Voila! The first Jewish ritual (which Rabbi Hirsch, et al., says is the conception and birth of Judaism), seems to concur, since that ritual (ritual-circumcision) is taking a knife and bleeding the male flesh otherwise used to produce offspring (none of which, according to Jewish law, are Jewish by means of it, such that its role, zero, in Jewish birth, appears a near perfect analogue of the ritual).

Now someday, when AI carefully parses statements like the last, the intelligent parser of that statement will object: How can you say the male flesh plays zero role in the birth of a Jew when (even though by Jewish law it isn't seminal to the Jew-producing), it's clearly, nevertheless, required to birth anyone, Jew or otherwise? ---To which the first response would be: Well you know AI, if you search your information banks, there was one particular Jewish firstborn whose birth allegedly didn't require the organ that's ritually bled to death to signify its insignificance so far as Jewish conception and birth is concerned, and which is likewise bled as the ritual that births Judaism proper; there's one Jewish male whose conception and birth cuts so deep into the blood, or meaning, of the formative ritual (circumcision), that his birth inadvertently, or verdantly as it were, severs his father's role in his conception, seemingly making him, the child, something like the archetype of the ritual par excellent.

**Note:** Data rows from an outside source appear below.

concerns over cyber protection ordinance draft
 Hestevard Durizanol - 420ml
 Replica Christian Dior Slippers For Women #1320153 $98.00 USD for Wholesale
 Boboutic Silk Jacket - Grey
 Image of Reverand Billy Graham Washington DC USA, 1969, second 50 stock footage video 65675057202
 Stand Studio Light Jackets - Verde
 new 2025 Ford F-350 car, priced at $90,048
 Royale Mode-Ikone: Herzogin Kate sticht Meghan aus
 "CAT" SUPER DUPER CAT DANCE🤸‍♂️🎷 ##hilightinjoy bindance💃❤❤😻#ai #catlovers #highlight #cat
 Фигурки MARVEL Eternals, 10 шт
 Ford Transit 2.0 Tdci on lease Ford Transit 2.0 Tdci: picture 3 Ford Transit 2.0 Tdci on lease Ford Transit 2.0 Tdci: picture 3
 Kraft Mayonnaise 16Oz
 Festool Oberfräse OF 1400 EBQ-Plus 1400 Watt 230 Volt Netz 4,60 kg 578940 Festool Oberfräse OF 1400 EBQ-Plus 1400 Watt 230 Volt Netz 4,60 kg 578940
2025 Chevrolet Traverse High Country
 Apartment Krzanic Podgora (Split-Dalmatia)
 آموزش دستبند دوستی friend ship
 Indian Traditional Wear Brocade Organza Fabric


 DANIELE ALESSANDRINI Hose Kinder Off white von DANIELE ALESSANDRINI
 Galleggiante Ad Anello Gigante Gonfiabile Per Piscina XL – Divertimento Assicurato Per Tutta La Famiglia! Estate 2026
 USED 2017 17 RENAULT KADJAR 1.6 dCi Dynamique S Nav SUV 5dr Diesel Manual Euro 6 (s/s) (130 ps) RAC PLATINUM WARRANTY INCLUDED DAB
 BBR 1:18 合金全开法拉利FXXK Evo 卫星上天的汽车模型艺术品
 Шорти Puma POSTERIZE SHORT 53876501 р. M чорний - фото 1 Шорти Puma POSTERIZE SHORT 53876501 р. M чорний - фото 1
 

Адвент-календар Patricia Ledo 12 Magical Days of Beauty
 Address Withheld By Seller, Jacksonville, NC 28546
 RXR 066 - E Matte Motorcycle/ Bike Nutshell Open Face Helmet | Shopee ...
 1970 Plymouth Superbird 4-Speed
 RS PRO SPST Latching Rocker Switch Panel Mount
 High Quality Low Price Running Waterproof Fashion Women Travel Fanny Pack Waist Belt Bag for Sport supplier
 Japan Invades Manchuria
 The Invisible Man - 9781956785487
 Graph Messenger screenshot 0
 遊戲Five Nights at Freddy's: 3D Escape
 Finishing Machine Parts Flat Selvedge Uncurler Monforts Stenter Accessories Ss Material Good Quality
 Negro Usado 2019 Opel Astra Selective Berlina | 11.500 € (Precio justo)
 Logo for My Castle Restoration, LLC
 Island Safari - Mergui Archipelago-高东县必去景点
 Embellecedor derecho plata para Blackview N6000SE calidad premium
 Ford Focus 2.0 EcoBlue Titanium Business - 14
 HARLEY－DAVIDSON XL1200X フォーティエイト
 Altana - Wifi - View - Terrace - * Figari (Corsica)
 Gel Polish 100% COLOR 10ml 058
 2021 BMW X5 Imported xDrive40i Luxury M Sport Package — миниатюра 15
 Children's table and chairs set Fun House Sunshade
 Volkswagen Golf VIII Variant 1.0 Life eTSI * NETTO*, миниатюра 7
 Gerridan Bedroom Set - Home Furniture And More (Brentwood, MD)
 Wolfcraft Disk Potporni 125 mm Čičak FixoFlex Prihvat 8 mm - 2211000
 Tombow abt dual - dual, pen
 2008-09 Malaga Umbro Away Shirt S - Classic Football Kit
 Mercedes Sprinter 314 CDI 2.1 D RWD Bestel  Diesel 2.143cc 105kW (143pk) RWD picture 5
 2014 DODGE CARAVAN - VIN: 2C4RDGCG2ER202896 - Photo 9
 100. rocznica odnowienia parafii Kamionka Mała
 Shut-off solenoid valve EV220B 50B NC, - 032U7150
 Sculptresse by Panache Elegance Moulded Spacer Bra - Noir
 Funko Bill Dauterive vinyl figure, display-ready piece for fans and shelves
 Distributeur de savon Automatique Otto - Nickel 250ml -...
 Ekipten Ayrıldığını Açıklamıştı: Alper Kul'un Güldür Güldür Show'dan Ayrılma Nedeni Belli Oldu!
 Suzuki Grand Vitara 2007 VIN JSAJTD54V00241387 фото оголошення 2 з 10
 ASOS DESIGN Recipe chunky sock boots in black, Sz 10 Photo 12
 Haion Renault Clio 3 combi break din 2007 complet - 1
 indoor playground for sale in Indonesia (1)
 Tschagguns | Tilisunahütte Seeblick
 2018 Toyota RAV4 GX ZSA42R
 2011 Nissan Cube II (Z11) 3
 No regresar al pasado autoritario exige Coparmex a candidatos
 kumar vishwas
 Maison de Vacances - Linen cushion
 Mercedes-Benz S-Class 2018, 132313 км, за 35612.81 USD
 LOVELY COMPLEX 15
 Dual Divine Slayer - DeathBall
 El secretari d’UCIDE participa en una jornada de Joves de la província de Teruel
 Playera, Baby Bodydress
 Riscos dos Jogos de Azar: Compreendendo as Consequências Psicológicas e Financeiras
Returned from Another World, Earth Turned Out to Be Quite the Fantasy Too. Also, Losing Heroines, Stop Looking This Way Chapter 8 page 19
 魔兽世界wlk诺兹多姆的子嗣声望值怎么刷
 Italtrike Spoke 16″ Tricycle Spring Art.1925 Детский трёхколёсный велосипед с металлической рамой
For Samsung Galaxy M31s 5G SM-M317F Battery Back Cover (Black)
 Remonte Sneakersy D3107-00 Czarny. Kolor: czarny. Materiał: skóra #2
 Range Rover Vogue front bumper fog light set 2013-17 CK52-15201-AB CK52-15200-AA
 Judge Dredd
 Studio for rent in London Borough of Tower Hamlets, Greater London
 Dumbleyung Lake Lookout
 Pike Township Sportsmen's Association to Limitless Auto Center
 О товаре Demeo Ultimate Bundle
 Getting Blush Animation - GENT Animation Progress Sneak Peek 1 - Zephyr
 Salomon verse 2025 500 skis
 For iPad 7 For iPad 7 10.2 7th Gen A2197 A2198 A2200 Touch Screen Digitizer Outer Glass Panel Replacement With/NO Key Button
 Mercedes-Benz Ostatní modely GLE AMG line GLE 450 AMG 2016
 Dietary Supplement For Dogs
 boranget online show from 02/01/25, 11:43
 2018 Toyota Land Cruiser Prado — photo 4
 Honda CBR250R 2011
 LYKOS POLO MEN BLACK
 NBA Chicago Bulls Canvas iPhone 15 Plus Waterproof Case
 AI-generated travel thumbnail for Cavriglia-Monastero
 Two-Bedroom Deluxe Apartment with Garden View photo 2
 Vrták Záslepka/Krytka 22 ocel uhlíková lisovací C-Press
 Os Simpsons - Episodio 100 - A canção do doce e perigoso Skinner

An intelligent interlocutor might once again protest: Yes, my data banks contain record of quite a lot of people believing that rendition of things. But they're called "Christians," such that my programing suggests their interpretation of the advent of that unique phallus-less birth might conflict in a major way with Jewish sensibilities?

Which is where Rabbi Hirsch responds, from the grave no less, to that gravely incorrect, or rather incomplete, assessment.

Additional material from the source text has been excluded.